From CAA:s Facebook page:

Published today (behind a paywall), an article by White, Rickards and Zeman titled, "Time to end the distinction between mental and neurological illnesses" that proposes psychiatric disorders be classified as disorders of the nervous system. In the text of the article, CFS is one of several conditions grouped as functional somatic syndromes, "which are neither solely physical nor solely mental but both." They also propose merging the mental, behavioral and neurology chapters of the ICD-11, a classification system used to code for insurance reimbursement and other payment systems.

Link to abstract: http://bit.ly/JMFI7u
 

Esther12

Senior Member
Messages
13,774
Thanks Anne.

This will update our classificatory system in the light of contemporary neuroscience and foster the integration of psychiatry into the mainstream of medicine, where it belongs.

Do they mean it will make the sort of quackery involved in claiming patients are 'back to normal' when they are more disabled than was needed to be classed as suffering from severe and disabling fatigue will no longer be acceptable? Or just that fewer people will distrust them when they claim to know what they're talking about.

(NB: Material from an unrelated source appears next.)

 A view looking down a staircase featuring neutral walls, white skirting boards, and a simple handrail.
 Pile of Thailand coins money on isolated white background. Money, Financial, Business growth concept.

To integrate psychiatry into the mainstream of medicine, we need to raise standards for psychiatrists. That would help rid us of people like White, and benefit everyone.
 

SOC

Senior Member
Messages
7,849
In the text of the article, CFS is one of several conditions grouped as functional somatic syndromes, "which are neither solely physical nor solely mental but both."

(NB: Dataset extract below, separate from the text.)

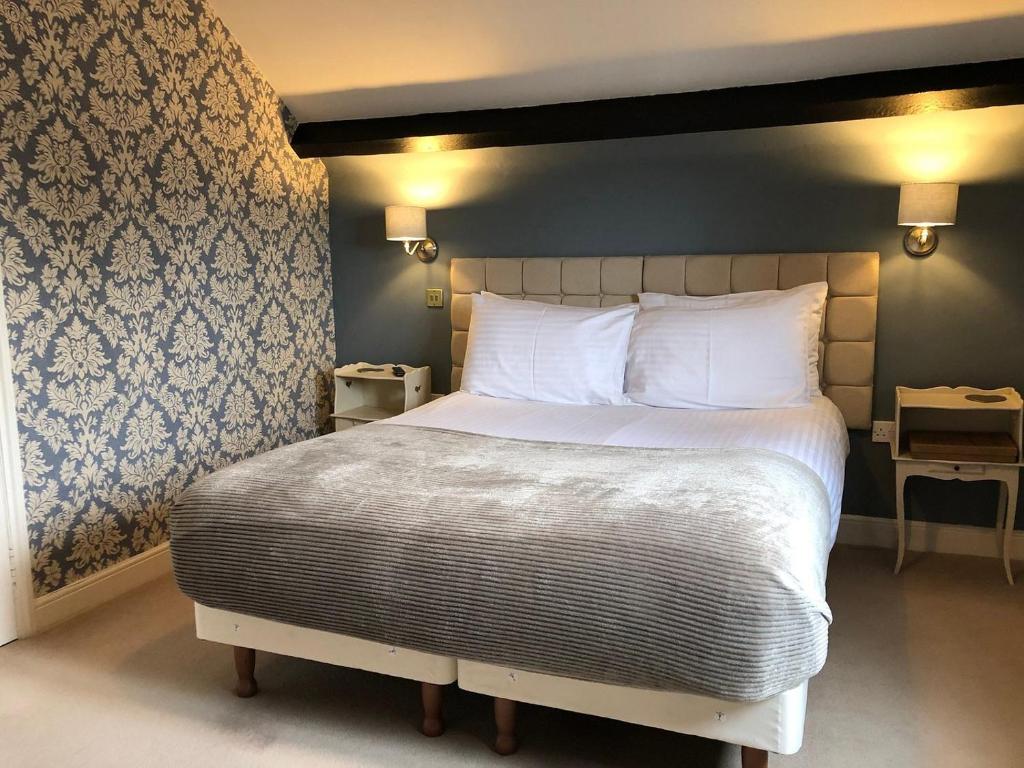 a bedroom with a large bed with white pillows at The Coachmakers Arms in Wallingford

Oh, please! While this is a sign that the psychobabble contingent is beginning to recognize that there is indeed a physical basis for ME/CFS, it's still nothing more than a self-serving rationalization of their previous untenable, absurd, and abusive beliefs, treatments, and policies. Just a fancy-dancing, wiggle-worded attempt to cover their asses which are becoming increasingly exposed as more medical data becomes available.

Some forms of mental illness are the result of disordered thinking and not physical diseases or dysfunctions. Substantial harm can be done by all kinds of mental and physical abuse or trauma. People learn dysfunctional thinking in order to cope with the situation. Talk therapy, not neurology, is what is needed in those cases.

Schizophrenia and some forms of depression (among others) have been demonstrated to be physical illnesses which are appropriately treated with medications. They should be treated as neurological illnesses, not illnesses of the mind. It's simply a recognition of the difference between the brain and the mind.

Falsely conflating psychiatry and neurology only serves to save face for the psychobabble lobby whose claim on a number of physiological illnesses is becoming exposed as the falsehood it is.

Psychology and neurology are two distinct fields. There's nothing wrong with psychology applied correctly. What's wrong are the false "territorial" inroads psychology and psychiatry keep trying to make into other fields by claiming that genuine physical illnesses are the result of "false illness beliefs".

There is no reason that a person wouldn't need care from both fields. After all, having a serious illness, especially one that affects brain function could easily cause dysfunctional thinking as a coping mechanism. That doesn't make the two problems the same field.

Frankly, I don't think the psychiatry people belong in neurology, where they will continue to muddy the waters. Psychiatry may cease to exist as a field of specialty and the domain divided (correctly) between psychology and neurology, which would probably be a big benefit to all patients.
 

Esther12

Senior Member
Messages
13,774
I think that there are always going to be areas where what's considered psychiatry overlaps with what's considered neurology.

But there are moral problems with the way in which psychiatry treats a lot of patients.

I find a pragmatic approach to the management of human being's cognitions to be pretty repulsive, and something that could only ever be justified in the most extreme of circumstances. If psychiatry permits such an approach, then we should try to make psychiatry as small as possible, and something which will only affect as few patients as is possible - we certainly shouldn't allow it to expand to include all those with neurological problems too.
 

floydguy

Senior Member
Messages
650
I think that there are always going to be areas where what's considered psychiatry overlaps with what's considered neurology.

But there are moral problems with the way in which psychiatry treats a lot of patients.

I find a pragmatic approach to the management of human being's cognitions to be pretty repulsive, and something that could only ever be justified in the most extreme of circumstances. If psychiatry permits such an approach, then we should try to make psychiatry as small as possible, and something which will only affect as few patients as is possible - we certainly shouldn't allow it to expand to include all those with neurological problems too.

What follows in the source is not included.